Continued collaboration for effective TA
Last year, the UNC Frank Porter Graham Child Development Institute (FPG) commemorated 50 years of providing technical assistance (TA) to support systems and services for young children with disabilities and their families. The celebration was an opportunity to reflect on the wisdom of the past, inform current TA principles and practices, and inspire the field for the future.
This commitment to build on FPG’s wisdom and further contribute new knowledge and resources for the field continued with a recent joint effort by FPG’s national Early Childhood Technical Assistance Center (ECTA) and The Center for IDEA Early Childhood Data Systems (DaSy). This collaboration developed indicators for nine established effective TA practices to embed equity in each practice. The practices are based on more than 50 years of stellar TA provision, ongoing collection and use of evaluation data, and existing literature.
Effective technical assistance is a collaborative, coordinated effort to facilitate change in systems, build capacity, improve practices, and reach agreed-upon outcomes. TA providers work with state and local administrators to build individual leadership and system capacity to implement high-quality, equitable services for children and families. ECTA works directly with state coordinators of early intervention and preschool special education systems to ensure equitable access to high-quality services and supports for all young children with disabilities and their families, especially those who have been historically underserved.
Katy McCullough, MA, an associate director with ECTA, within the Trohanis TA Projects at FPG, led the development of indicators that operationalize FPG’s effective TA practices to facilitate TA provider understanding, use, evaluation, and improvement of those practices. The practices help ensure consistency in the delivery of TA to support state and local leaders in bringing about desired changes in systems and practices.
The nine key practices are:
- trusting relationships;
- effective communication;
- collaborative partnering;
- differentiated support;
- adult learning strategies;
- external leadership for change;
- partnerships for resource integration;
- use of implementation, improvement, and systems change frameworks; and
- ongoing evaluation.
“These practices are not new but have evolved as we bring our field experience, evaluation feedback, and what we know from research literature to the work,” says McCullough. “We continue to iterate the TA practices—based on our expertise and data—so that we can advance the quality and impact of our TA with clients.”
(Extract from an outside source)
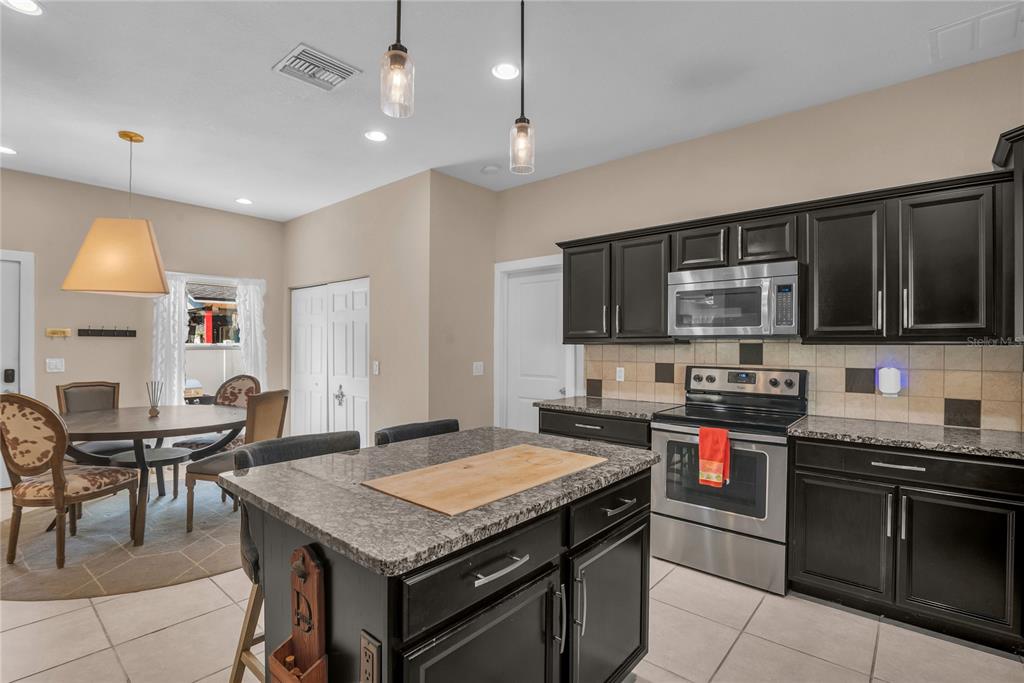 2414 Newberry Street Orlando, FL 32806 - Photo 14 of 36 a kitchen with stainless steel appliances granite countertop a stove top oven a sink dishwasher a dining table and chairs with wooden floor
Equity is reflected and explicit throughout the practices. The indicators identify not only what the TA provider will do, but what the TA provider and the client will do together for effective implementation of TA. This includes working collaboratively to identify strengths; ensuring meaningful participation of diverse voices, particularly those who are not often engaged; and supporting the client to identify power differentials and address bias and disparities with implementation of their systems change efforts. These are just some of the ways in which effective TA practices honor and elevate diversity in a collaborative process to support high-quality, equitable systems.
While ECTA staff have long known that trusting relationships involve equity and diversity, staff wanted to be more explicit that equity and diversity are critical aspects of effectively building trusting partnerships. Christina Kasprzak, MA, director of the Trohanis Technical Assistance Projects, notes that “trusting relationships” is intentionally named as the first practice because it is foundational to TA and to all the other practices. “Without a collaborative, respectful relationship in place, it's hard to effectively implement the other practices and to ultimately have a sustained impact on the individuals and systems that we support,” she says.